Wenn es denn ein Ende wird. Insider bezweifeln, dass die Aktion der Bewohner etwas bringt und fürchten, dass die Buden bald wieder stehen. So wie es bisher immer gewesen ist.
"Ein anderes Christiania"
Nein, sagte Lotte, diesmal nicht, denn da sei eine rote Linie überschritten worden: "Wir wünschen uns ein anderes Christiania. Wir wünschen uns eines, in dem man richtig gut aufeinander aufpasst. Wo die alten Werte von Gemeinschaft wieder das höchste Gut sind. Das hier bedeutet so viel für uns. Deshalb ist das hier jetzt ein entscheidender Augenblick. Deshalb ist es für mich so wichtig, dass Christiania die Sache selbst regeln kann."

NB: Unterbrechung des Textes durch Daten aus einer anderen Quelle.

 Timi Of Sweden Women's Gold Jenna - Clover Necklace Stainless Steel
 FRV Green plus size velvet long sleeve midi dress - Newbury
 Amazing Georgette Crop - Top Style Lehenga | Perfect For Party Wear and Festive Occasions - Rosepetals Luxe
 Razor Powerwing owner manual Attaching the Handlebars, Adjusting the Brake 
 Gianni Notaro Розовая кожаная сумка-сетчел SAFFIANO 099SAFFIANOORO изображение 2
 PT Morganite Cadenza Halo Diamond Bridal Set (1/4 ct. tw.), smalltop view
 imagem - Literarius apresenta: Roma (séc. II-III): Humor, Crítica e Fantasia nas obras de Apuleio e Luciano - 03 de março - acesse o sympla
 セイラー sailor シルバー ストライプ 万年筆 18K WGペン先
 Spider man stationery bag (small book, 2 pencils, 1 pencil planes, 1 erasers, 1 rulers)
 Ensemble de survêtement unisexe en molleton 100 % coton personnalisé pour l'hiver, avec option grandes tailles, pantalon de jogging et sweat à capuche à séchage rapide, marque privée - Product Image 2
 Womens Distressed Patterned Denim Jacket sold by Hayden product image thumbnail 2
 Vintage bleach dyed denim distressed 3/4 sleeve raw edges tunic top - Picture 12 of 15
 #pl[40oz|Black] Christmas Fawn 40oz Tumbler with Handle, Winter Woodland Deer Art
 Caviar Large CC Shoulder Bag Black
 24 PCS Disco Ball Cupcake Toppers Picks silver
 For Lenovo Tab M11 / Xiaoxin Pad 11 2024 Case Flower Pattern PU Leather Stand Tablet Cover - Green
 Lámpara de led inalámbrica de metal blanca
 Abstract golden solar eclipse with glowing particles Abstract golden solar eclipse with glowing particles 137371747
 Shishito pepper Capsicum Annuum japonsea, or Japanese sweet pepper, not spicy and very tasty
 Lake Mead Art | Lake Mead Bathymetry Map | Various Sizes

Dass die Bewohner das aber hinbekommen, bezweifeln viele Dänen und denken laut über das Ende dieses fast 50-jährigen "Experiments" nach, während andere die Schießerei zum Anlass nehmen, erneut die Legalisierung weicher Drogen zu fordern, um kriminelle Dealer zu stoppen. Aber dafür gibt es im konservativ regierten Dänemark zurzeit ganz sicher keine politische Mehrheit.